Сценарий «Море волнуется раз» написан Николаем Хомерики в тандеме с Александром Родионовым, и это их четвертая совместная работа.
Их герои - Коля (Валерий Степанов) и Саша (Ольга Бодрова) уединяются в заброшенном доме, расположенном в лесу. У них сложные отношения. Они еще не разобрались в чувствах, боятся своей любви, ссорятся, гуляют и ощущают присутствие моря.
Однажды ребята встречают немолодую пару (Андрей Смоляков и Юлия Ауг), тоже живущую в заброшенном доме. Чем-то они похожи на них, как если бы молодые герои перенеслись в машине времени в другое время и стали взрослыми.
Сашу мучают кошмары. Ей снится, как ее накрывает волна, и она кричит по ночам. Во сне она взрослая, и у нее есть муж Коля, до которого невозможно дозвониться. История не бытовая, а метафизическая, сложная и для опытных артистов, а тут – дебютанты.

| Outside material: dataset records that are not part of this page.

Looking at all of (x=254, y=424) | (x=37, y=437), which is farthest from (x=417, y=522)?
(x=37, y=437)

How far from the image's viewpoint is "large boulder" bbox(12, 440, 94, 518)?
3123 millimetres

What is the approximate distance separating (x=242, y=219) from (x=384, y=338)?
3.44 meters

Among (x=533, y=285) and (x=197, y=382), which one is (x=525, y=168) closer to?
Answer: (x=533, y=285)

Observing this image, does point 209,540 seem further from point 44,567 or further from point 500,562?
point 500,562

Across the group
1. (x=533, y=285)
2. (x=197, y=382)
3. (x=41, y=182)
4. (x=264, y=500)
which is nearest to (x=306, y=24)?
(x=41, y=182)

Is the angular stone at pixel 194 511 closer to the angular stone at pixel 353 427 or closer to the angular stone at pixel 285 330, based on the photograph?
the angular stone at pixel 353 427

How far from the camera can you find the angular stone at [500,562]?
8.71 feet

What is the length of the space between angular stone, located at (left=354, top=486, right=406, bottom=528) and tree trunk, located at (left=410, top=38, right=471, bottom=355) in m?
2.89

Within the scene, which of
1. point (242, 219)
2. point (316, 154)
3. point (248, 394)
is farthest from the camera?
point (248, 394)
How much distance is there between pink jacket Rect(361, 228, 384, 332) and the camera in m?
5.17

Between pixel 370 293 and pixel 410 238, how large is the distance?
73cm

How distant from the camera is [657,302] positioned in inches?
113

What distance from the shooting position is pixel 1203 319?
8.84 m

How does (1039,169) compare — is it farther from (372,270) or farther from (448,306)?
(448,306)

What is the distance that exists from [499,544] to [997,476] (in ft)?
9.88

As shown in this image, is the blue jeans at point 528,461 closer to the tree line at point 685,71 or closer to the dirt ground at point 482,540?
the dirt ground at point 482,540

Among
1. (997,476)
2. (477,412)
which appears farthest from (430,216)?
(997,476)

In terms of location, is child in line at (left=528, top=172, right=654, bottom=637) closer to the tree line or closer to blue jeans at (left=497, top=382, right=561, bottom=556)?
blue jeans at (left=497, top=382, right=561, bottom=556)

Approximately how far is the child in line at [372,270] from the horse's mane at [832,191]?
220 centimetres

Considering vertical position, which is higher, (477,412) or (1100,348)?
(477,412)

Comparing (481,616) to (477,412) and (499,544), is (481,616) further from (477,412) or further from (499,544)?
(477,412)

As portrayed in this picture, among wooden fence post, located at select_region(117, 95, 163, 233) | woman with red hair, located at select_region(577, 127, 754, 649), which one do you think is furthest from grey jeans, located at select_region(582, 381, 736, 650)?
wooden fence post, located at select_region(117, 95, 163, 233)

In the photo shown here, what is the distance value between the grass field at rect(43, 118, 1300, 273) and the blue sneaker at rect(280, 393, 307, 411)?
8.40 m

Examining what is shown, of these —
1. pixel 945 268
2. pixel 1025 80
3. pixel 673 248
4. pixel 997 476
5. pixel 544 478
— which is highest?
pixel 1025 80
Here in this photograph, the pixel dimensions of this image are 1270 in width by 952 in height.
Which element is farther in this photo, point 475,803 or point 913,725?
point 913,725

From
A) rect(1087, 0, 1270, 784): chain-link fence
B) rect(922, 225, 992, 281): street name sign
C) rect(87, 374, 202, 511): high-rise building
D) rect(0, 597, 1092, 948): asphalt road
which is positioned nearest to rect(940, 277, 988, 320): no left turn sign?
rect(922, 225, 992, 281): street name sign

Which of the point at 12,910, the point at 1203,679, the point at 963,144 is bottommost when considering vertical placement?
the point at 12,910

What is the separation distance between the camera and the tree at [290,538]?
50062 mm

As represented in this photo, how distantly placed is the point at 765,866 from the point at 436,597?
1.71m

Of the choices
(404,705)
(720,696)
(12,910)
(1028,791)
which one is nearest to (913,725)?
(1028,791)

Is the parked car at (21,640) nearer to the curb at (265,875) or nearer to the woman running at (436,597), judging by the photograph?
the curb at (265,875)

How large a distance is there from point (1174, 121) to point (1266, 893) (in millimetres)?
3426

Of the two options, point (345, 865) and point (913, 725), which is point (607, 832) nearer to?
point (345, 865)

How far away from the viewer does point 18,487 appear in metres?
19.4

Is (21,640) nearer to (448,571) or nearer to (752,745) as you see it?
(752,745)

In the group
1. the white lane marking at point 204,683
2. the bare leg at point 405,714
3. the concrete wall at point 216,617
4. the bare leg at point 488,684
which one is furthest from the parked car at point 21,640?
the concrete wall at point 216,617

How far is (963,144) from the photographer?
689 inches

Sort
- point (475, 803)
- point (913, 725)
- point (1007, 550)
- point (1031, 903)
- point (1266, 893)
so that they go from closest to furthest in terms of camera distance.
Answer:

Для Николая Хомерики это личная история. «Восемь лет назад мы поженились со Стасей, - рассказывает он, находясь рядом с женой Стасей Гранковской- Хомерики, ставшей на этой картине художником по костюмам. - С тех пор мы каждый день выясняем отношения. Я подумал, что надо про это что-то сделать, снять фильм про отношения и любовь. Лет пять назад я написал одну страничку, показал ее Саше Родионову, и мы стали что-то накидывать ».
Пока Минкульт не выделял финансирования и ставил проект в резерв, Николай Хомерики искал актеров, проводил пробы, и вот нашел «этих двух замечательных людей». Ему важно было, чтобы они были не только по отдельности органичными, но составили бы пару, когда он или она сидят на стуле и молчат, но интересно за ними наблюдать. У Ольги и Валерия было 33 съёмочных дня, у старшей пары -всего 3.
Николай Хомерики носил на «Кинотавре» рубашку, в которой снимался Андрей Смоляков. Стася Гранковская-Хомерики поясняет: «Эта история про нас, и я таскала на площадку нашу одежду. Валера весь фильм в футболке Коли. Коля так в жизни одевается. А халаты нам дала Надежда Васильева (художник по костюмам и вдова Алексея Балабанова – С.Х.).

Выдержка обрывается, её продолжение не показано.